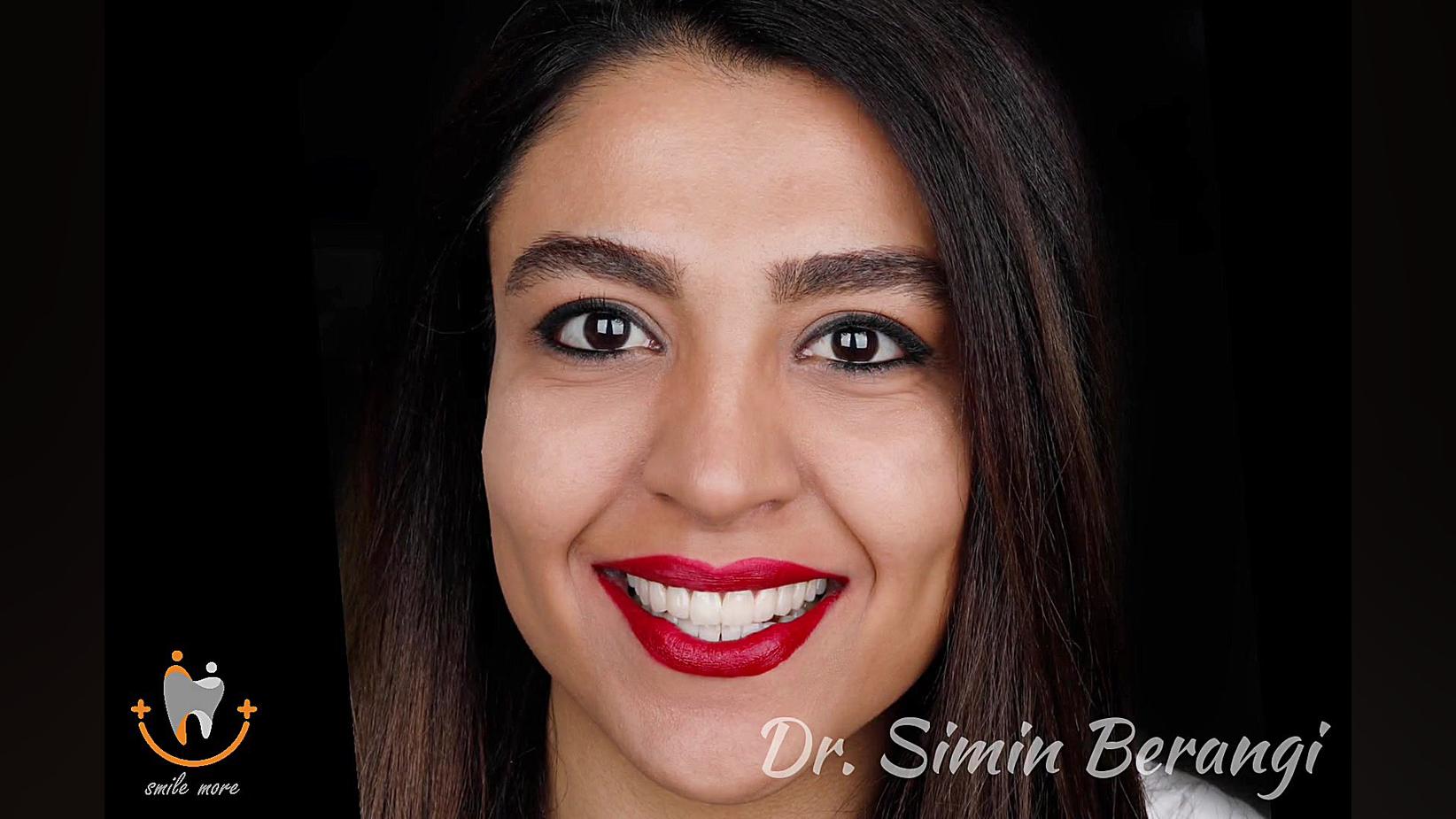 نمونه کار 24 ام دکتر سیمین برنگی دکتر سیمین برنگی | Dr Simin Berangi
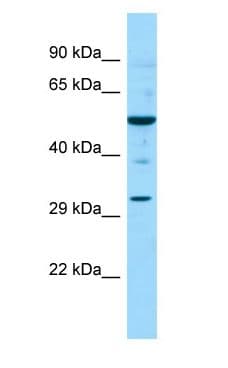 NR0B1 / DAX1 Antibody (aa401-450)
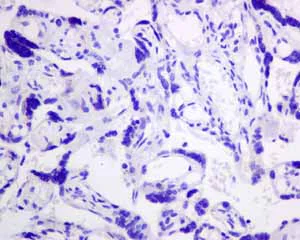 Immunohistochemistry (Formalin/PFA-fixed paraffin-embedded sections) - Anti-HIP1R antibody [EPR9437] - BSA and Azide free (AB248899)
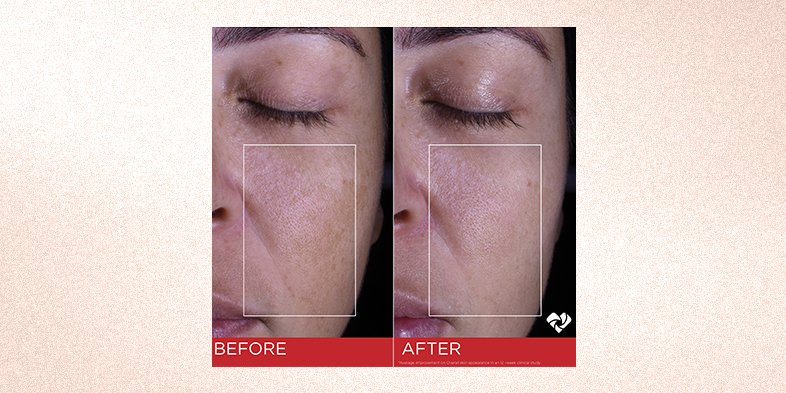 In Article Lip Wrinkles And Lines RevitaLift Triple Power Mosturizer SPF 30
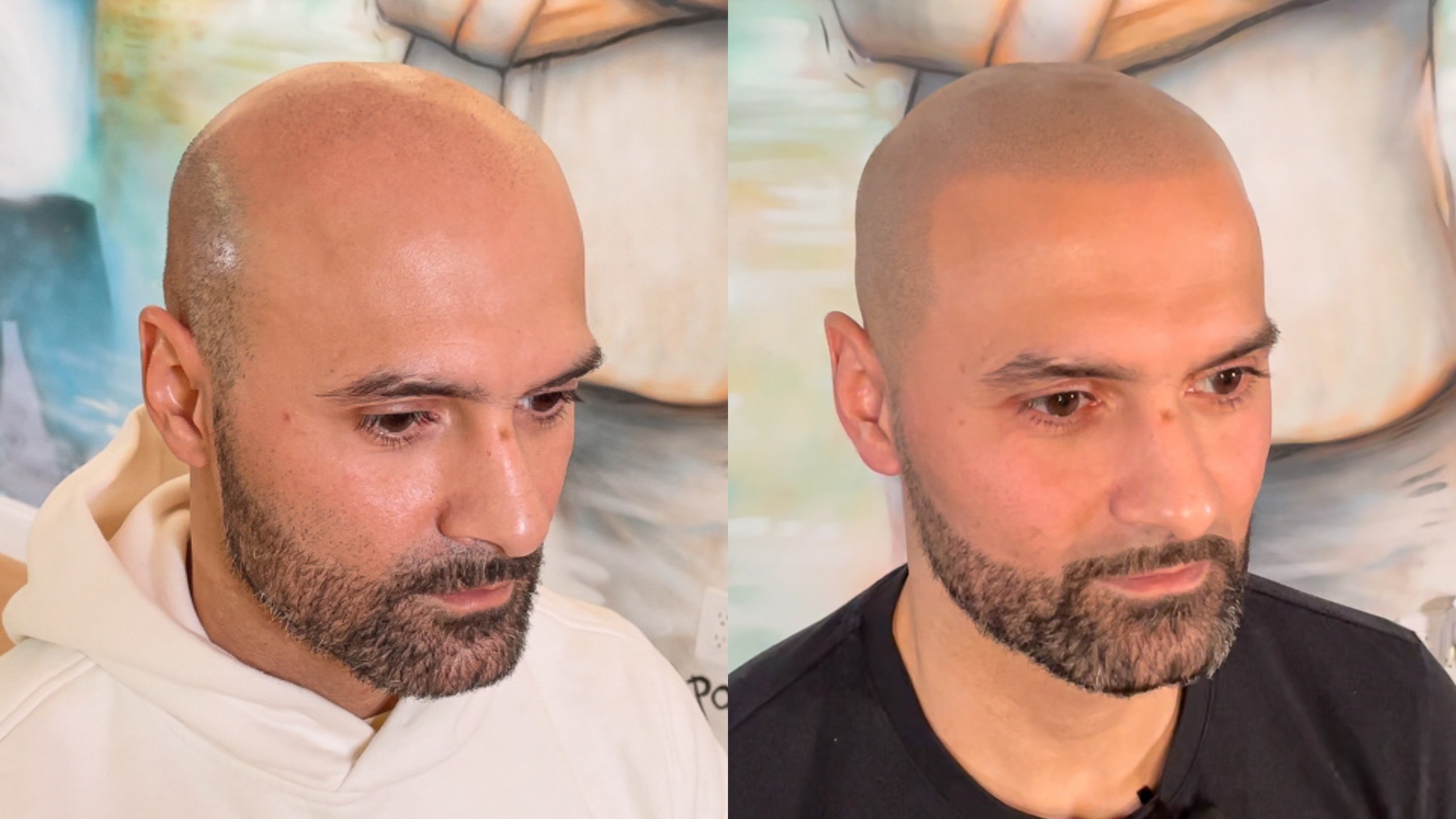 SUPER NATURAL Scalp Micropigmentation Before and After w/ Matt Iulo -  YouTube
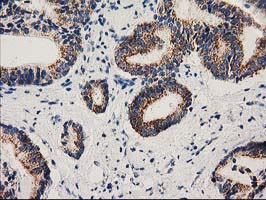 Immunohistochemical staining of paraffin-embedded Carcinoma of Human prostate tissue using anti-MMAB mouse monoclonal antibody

* [Task objective]
Transcribe exactly and only the lines from the top of the records through the line containing "SUPER NATURAL Scalp", inclusive, and do not copy the pictures.

* [The completed task]
 نمونه کار 24 ام دکتر سیمین برنگی دکتر سیمین برنگی | Dr Simin Berangi
 NR0B1 / DAX1 Antibody (aa401-450)
 Immunohistochemistry (Formalin/PFA-fixed paraffin-embedded sections) - Anti-HIP1R antibody [EPR9437] - BSA and Azide free (AB248899)
 In Article Lip Wrinkles And Lines RevitaLift Triple Power Mosturizer SPF 30
 SUPER NATURAL Scalp Micropigmentation Before and After w/ Matt Iulo -  YouTube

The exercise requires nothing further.